With “Bloom, Baby Bloom,” Wolf Alice accept their role as rock gods
The British band return with the first taste of their new album, The Clearing.
Rachel Fleminger Hudson
It’s appropriate that the first new Wolf Alice song in four years deals with the notion of revival. Getting the band back together is far from Ellie Rowsell’s mind, though. She cycles through anger, pain, and self-belief on “Bloom, Baby Bloom,” a song that uses masculine rock star tropes to underline her experiences as a woman. Rowsell’s vocal gymnastic routine begins with an opening verse delivered in falsetto where she lashes out at a “fucking baby, baby man” and flicks him into obscurity with the sharp, “See this fire in my eyes boy, that’s your flash in the pan.” A jazzy piano filling in the gaps of his deceit.
The derision isn’t all aimed in one direction, though. Rowsell admits her scorn is masking her own shortcomings and she pleads for an opportunity to drop her guard. “I’m so sick and tired of trying to play it hard,” she howls at herself as the drums and a fizzing bassline kick in. The frustration of trying to be a woman who is strong, confident, and in control while being at the mercy of yet another disappointing man spews out and lands in her own lap, leaving her in a mess she’s inevitably left to clear up alone.

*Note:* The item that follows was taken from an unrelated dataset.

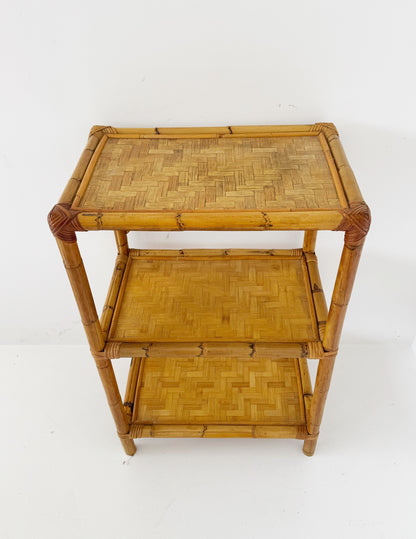 A 1970s bamboo bookcase with three shelves and woven details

“Bloom, Baby Bloom” is the first single from Wolf Alice’s new album The Clearing, due August 29. It feels instructive that the artwork is a solo image of Rowsell, her bandmates nowhere to be seen. In press materials for the song, she says she wanted to subvert the macho and histrionic Guns N’ Roses sound while explaining that she is no longer afraid of being dismissed as a “girl singer.” With that in mind “Bloom, Baby Bloom” is an impressive act of self-aggrandizement, not from a place of egotistical striving but a deep-seated acceptance of strength: “Watch me and you’ll see just what I’m worth.”